((
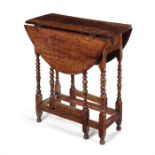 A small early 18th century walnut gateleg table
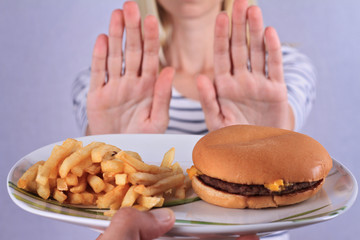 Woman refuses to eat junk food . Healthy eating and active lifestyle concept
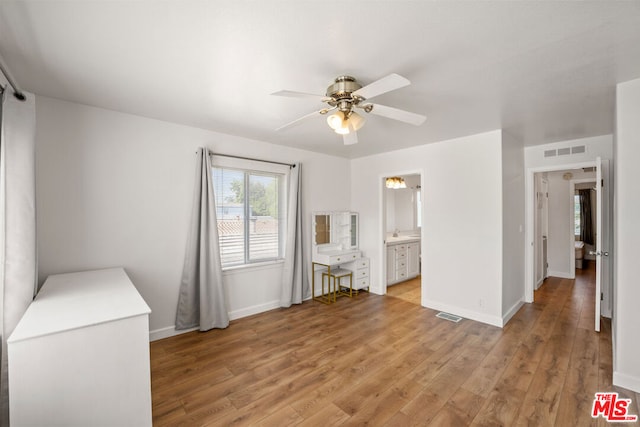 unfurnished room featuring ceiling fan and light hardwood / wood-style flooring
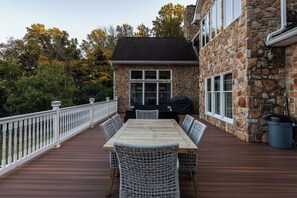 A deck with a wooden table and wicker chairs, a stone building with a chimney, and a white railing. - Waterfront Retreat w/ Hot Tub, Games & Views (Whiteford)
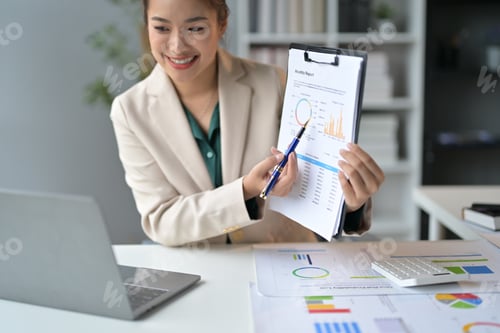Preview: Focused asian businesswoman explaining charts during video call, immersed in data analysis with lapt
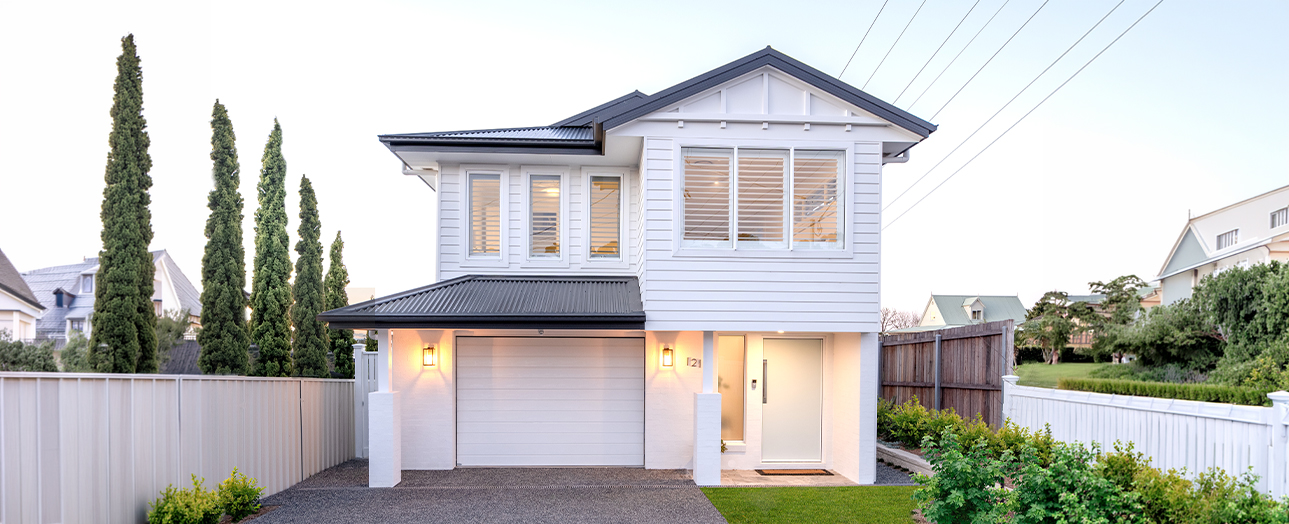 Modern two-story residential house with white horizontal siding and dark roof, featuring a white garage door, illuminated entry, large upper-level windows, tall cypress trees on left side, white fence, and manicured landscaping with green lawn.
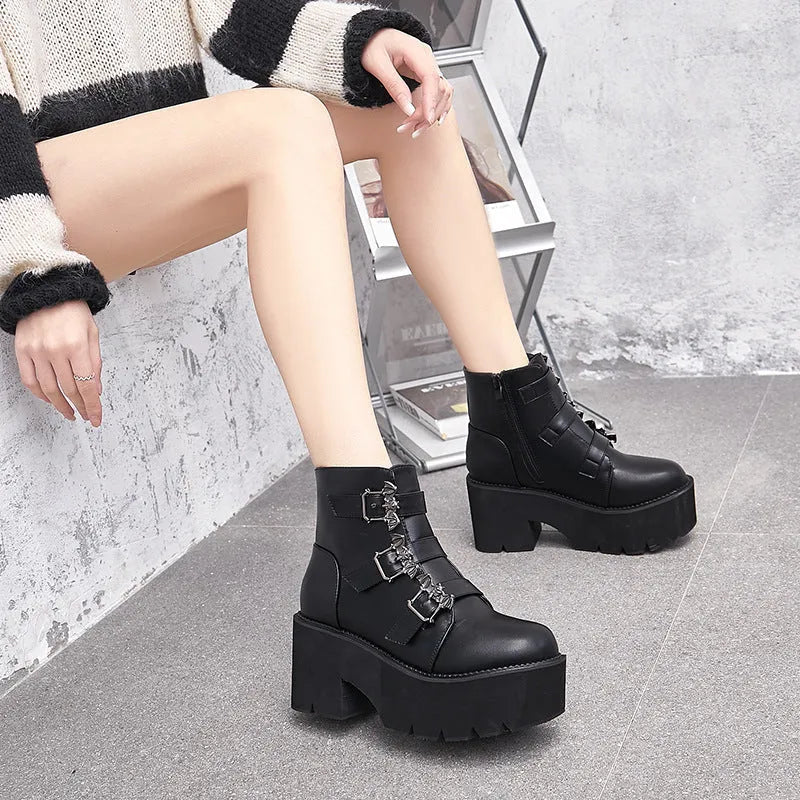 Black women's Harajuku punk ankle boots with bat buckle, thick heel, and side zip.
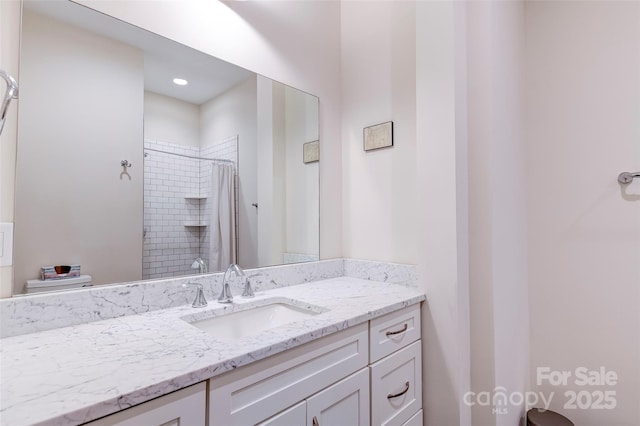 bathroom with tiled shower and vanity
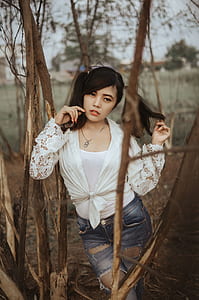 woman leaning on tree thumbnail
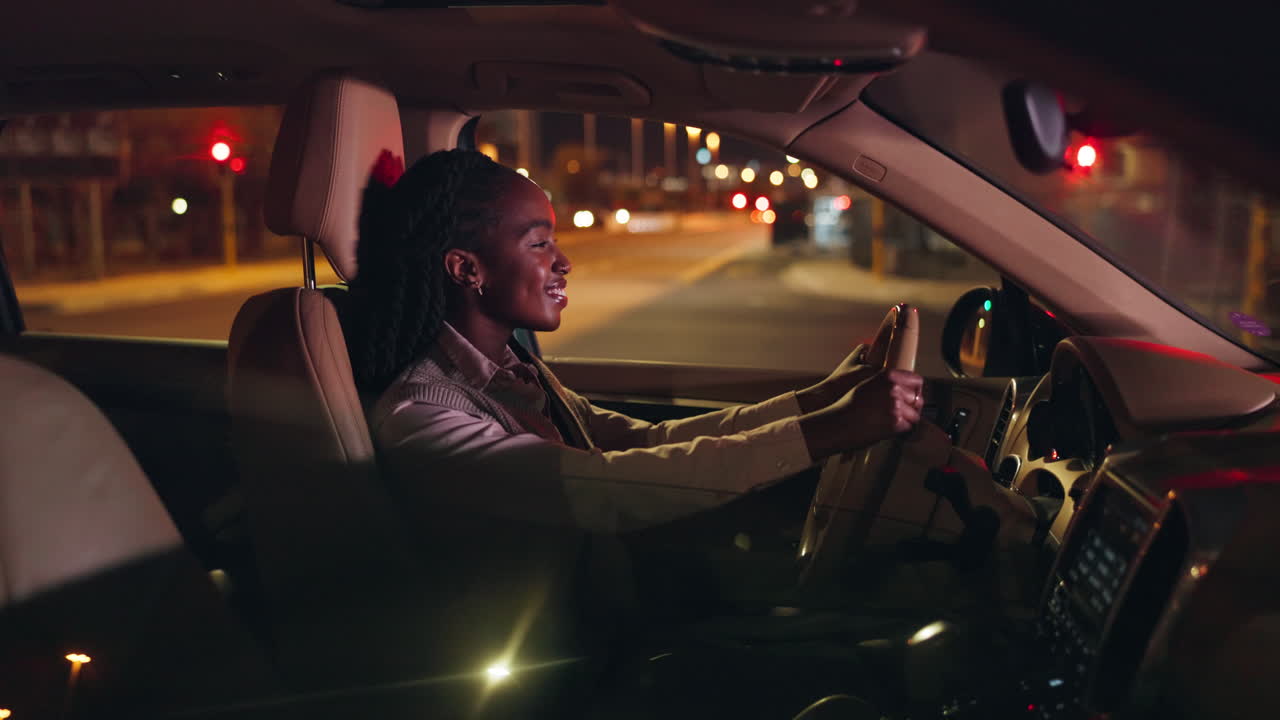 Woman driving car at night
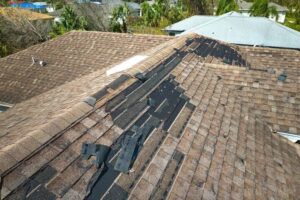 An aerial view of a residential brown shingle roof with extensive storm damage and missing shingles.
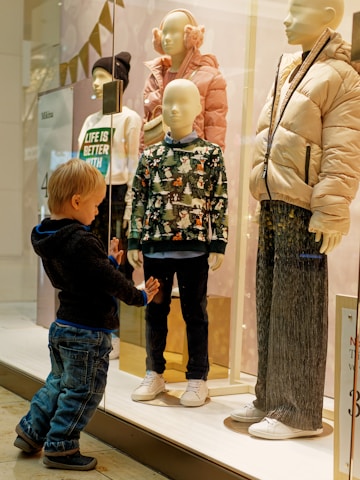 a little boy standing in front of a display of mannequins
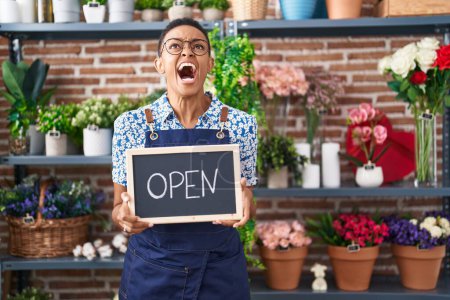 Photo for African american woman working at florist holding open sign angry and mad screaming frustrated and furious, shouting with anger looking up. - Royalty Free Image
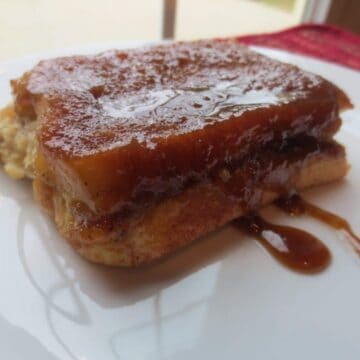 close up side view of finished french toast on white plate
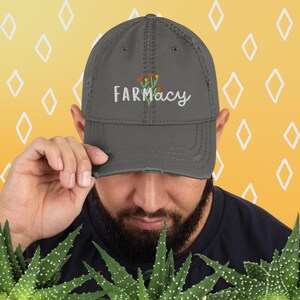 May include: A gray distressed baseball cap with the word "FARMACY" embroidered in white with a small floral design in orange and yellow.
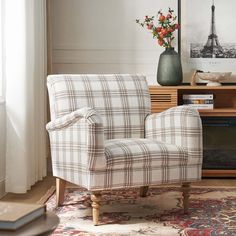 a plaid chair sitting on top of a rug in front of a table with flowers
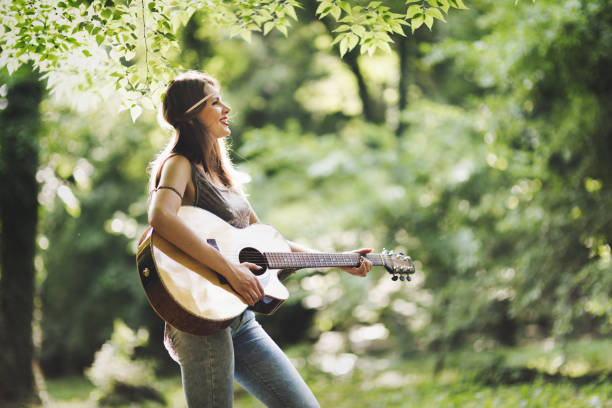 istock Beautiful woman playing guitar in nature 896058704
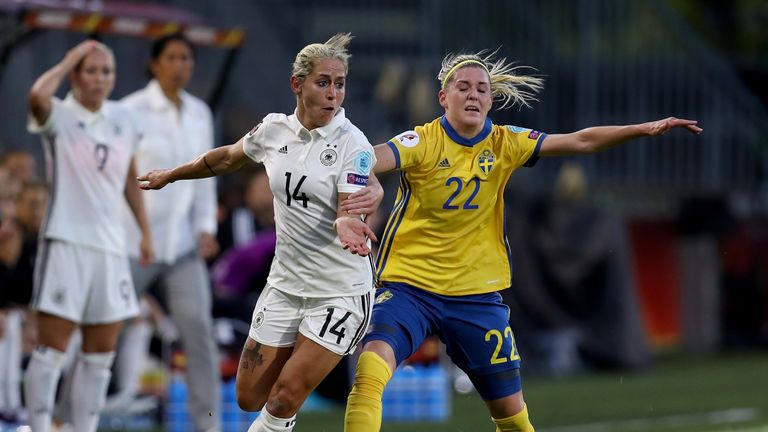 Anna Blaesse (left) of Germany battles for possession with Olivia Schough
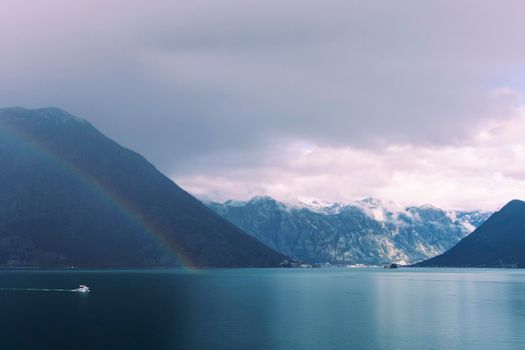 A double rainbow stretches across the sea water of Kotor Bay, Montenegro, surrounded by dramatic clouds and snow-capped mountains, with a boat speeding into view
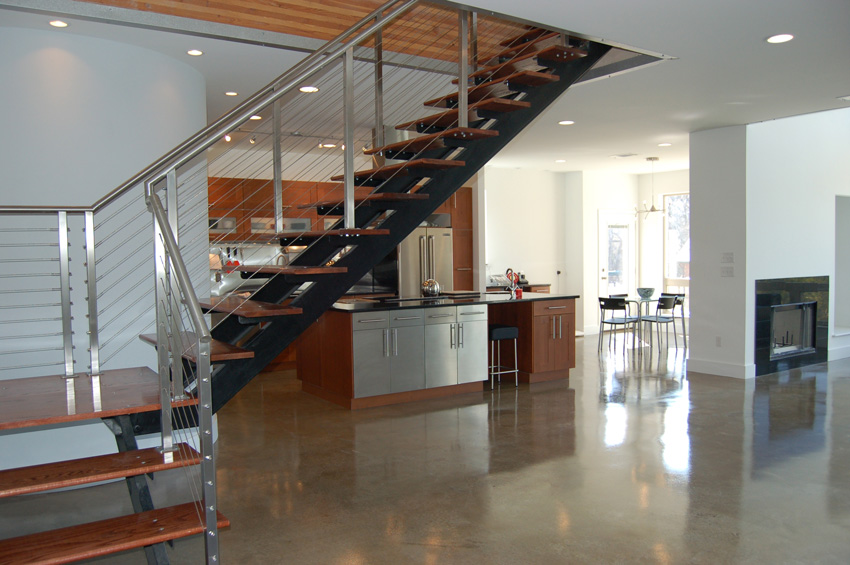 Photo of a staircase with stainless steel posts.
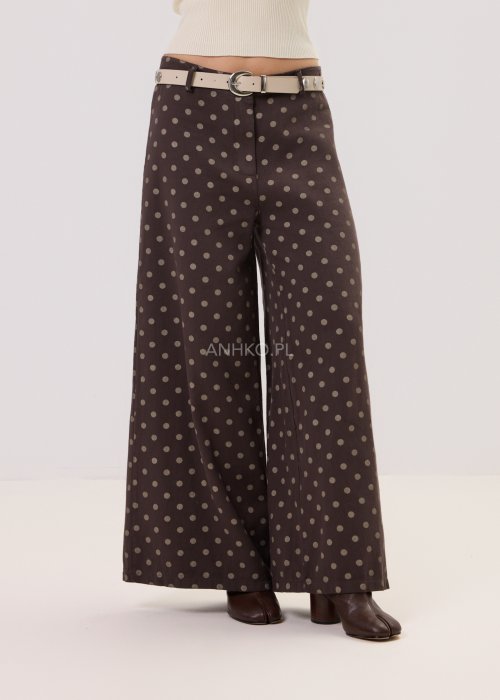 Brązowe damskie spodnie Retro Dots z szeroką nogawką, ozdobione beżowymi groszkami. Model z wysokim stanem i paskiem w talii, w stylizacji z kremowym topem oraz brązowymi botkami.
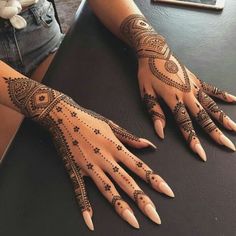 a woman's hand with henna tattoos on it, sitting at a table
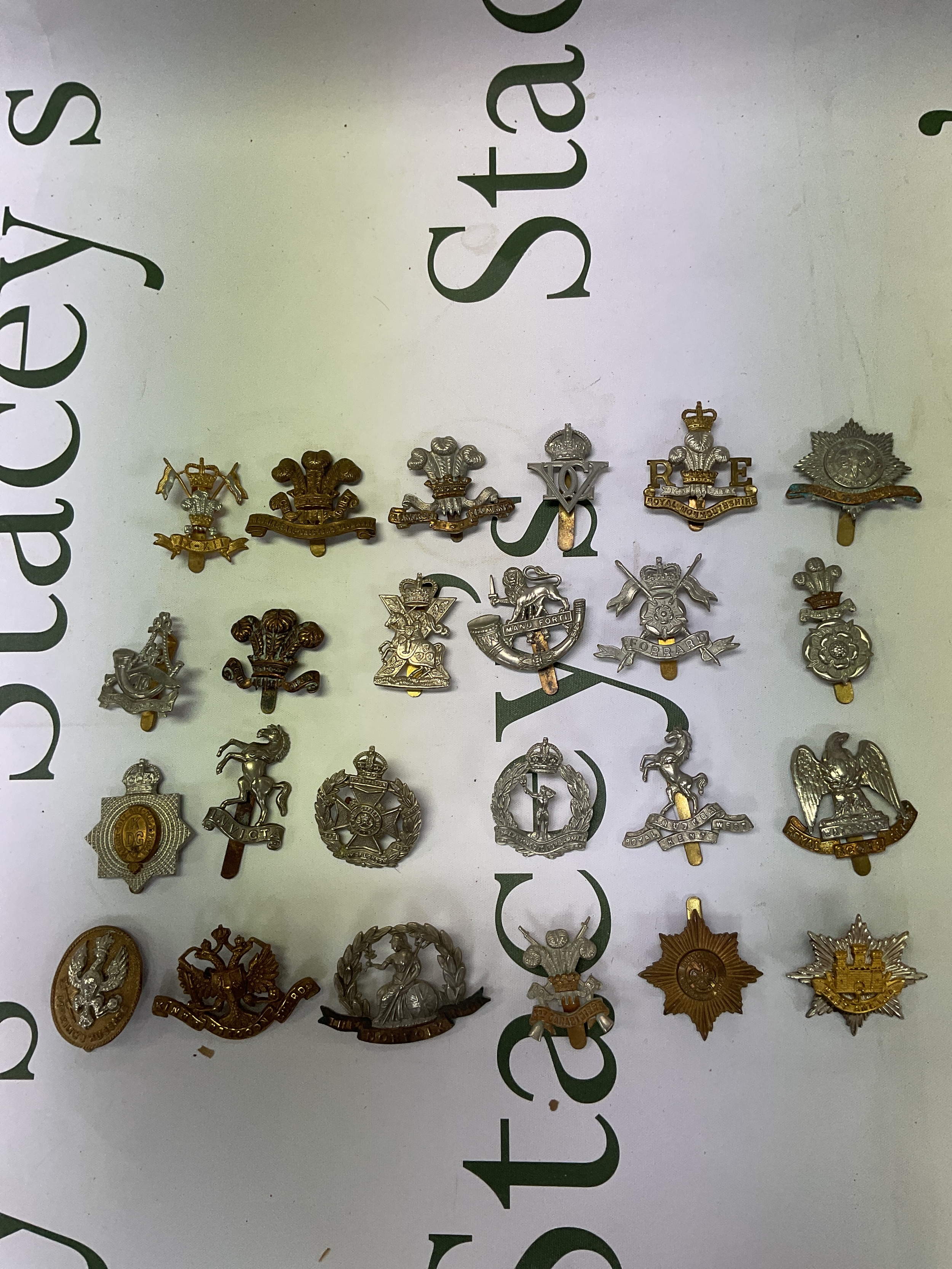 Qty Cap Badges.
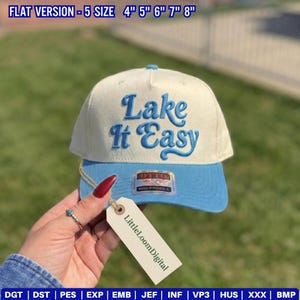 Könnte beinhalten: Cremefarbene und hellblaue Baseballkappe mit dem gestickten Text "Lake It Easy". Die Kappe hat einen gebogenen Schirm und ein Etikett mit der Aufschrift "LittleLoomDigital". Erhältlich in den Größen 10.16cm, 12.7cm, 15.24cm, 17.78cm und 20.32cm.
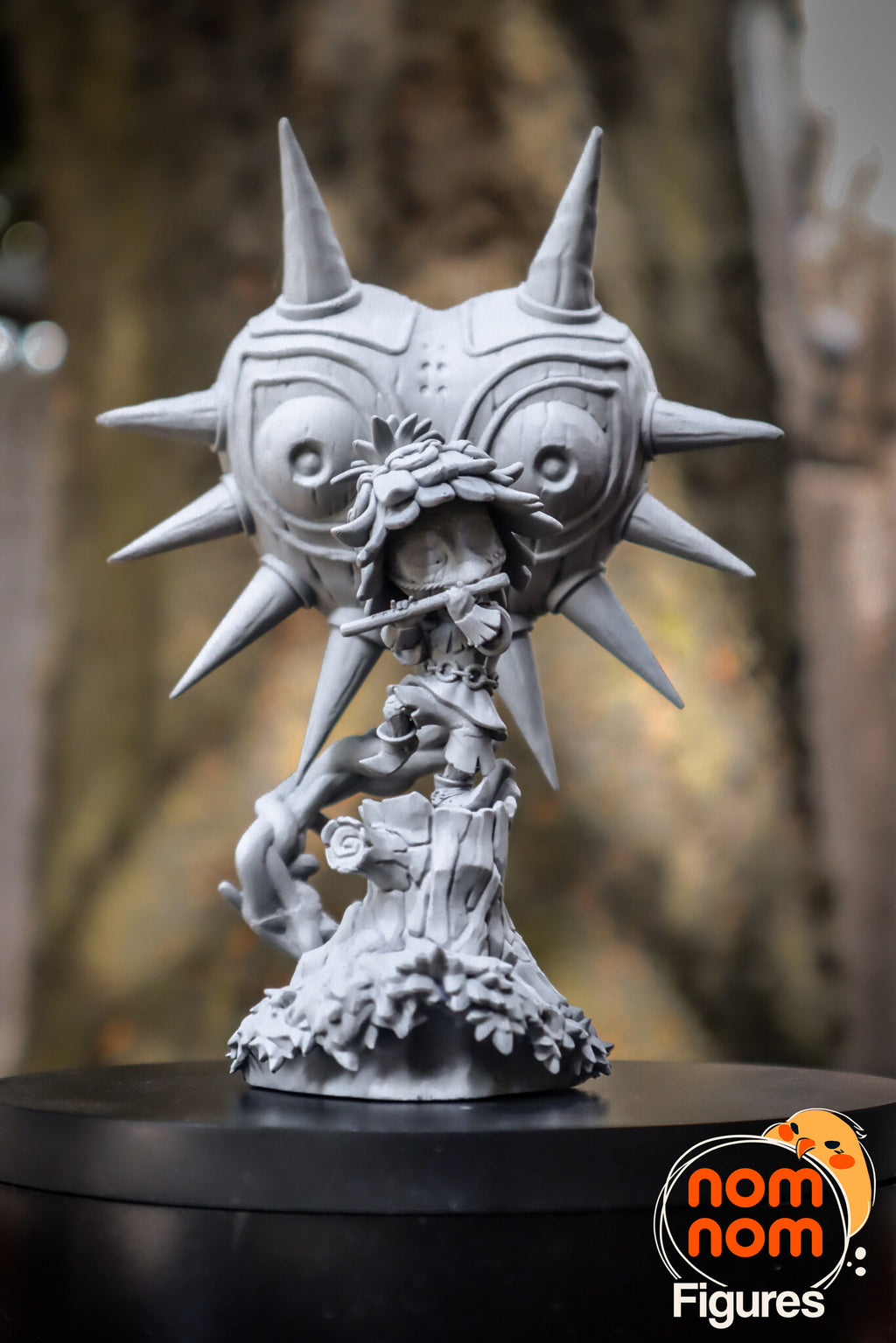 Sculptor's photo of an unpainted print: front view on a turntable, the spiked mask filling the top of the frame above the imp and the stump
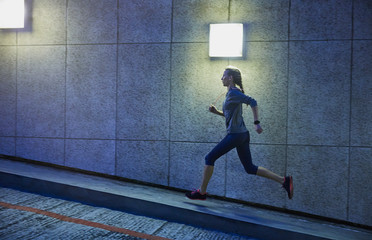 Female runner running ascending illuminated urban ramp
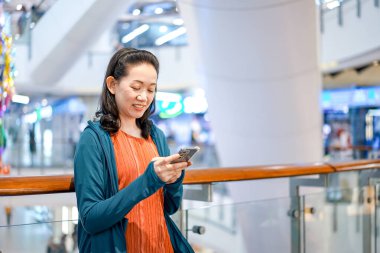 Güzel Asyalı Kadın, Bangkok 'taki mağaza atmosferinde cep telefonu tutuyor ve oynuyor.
))
_Work order_
With the pictures omitted, print precisely the lines from the one with "Photo of a staircase" to the final line of the records, both included.

_Your response_
 Photo of a staircase with stainless steel posts.
 Brązowe damskie spodnie Retro Dots z szeroką nogawką, ozdobione beżowymi groszkami. Model z wysokim stanem i paskiem w talii, w stylizacji z kremowym topem oraz brązowymi botkami.
 a woman's hand with henna tattoos on it, sitting at a table
 Qty Cap Badges.
 Könnte beinhalten: Cremefarbene und hellblaue Baseballkappe mit dem gestickten Text "Lake It Easy". Die Kappe hat einen gebogenen Schirm und ein Etikett mit der Aufschrift "LittleLoomDigital". Erhältlich in den Größen 10.16cm, 12.7cm, 15.24cm, 17.78cm und 20.32cm.
 Sculptor's photo of an unpainted print: front view on a turntable, the spiked mask filling the top of the frame above the imp and the stump
 Female runner running ascending illuminated urban ramp
 Güzel Asyalı Kadın, Bangkok 'taki mağaza atmosferinde cep telefonu tutuyor ve oynuyor.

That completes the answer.